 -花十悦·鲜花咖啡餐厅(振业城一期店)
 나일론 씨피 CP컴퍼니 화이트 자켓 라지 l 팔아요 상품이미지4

--

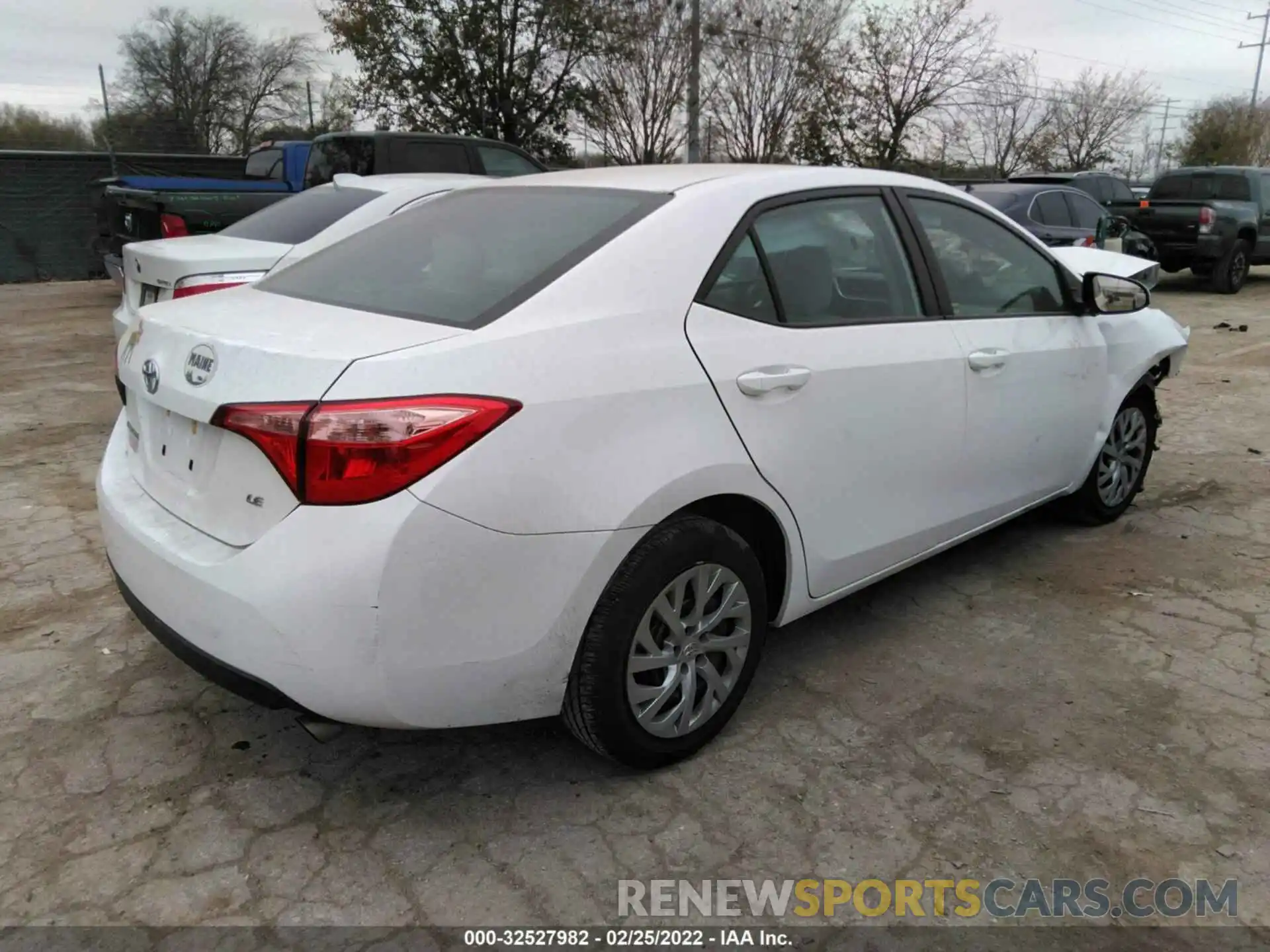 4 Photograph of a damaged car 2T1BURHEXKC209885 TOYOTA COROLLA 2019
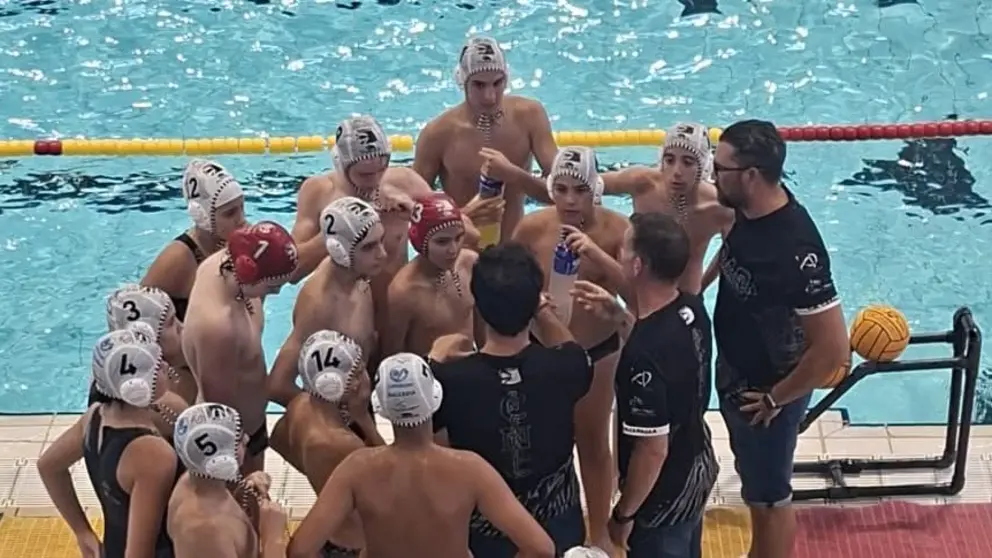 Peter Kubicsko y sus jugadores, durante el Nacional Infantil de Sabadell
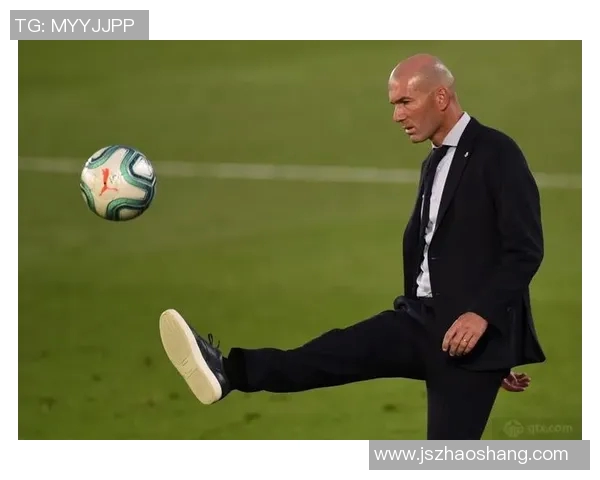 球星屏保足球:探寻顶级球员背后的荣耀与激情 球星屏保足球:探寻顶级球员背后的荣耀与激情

...

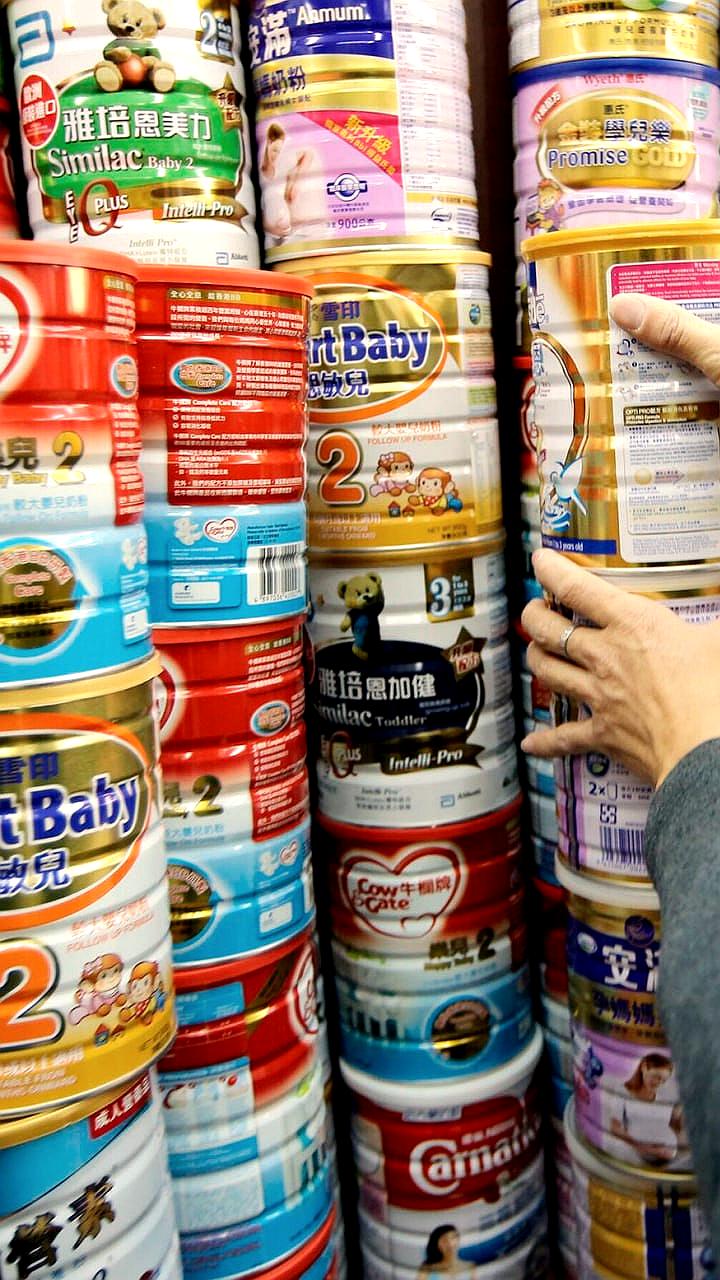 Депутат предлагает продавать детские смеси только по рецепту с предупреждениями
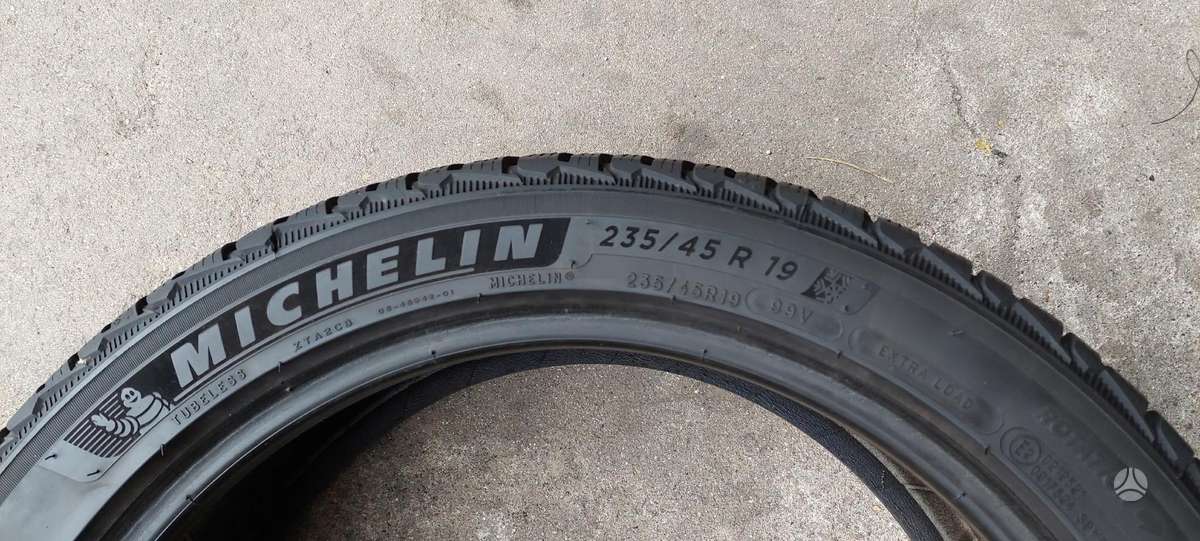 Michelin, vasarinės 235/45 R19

Problem description: Repeat exactly the lines of the listing above, from the one with "-花十悦·鲜花咖啡餐厅(振业城一期店)" down to the one with "나일론 씨피 CP컴퍼니 화이트 자켓 라지 l 팔아요 상품이미지4"; both of those lines belong in the range.

Your response:
 -花十悦·鲜花咖啡餐厅(振业城一期店)
 나일론 씨피 CP컴퍼니 화이트 자켓 라지 l 팔아요 상품이미지4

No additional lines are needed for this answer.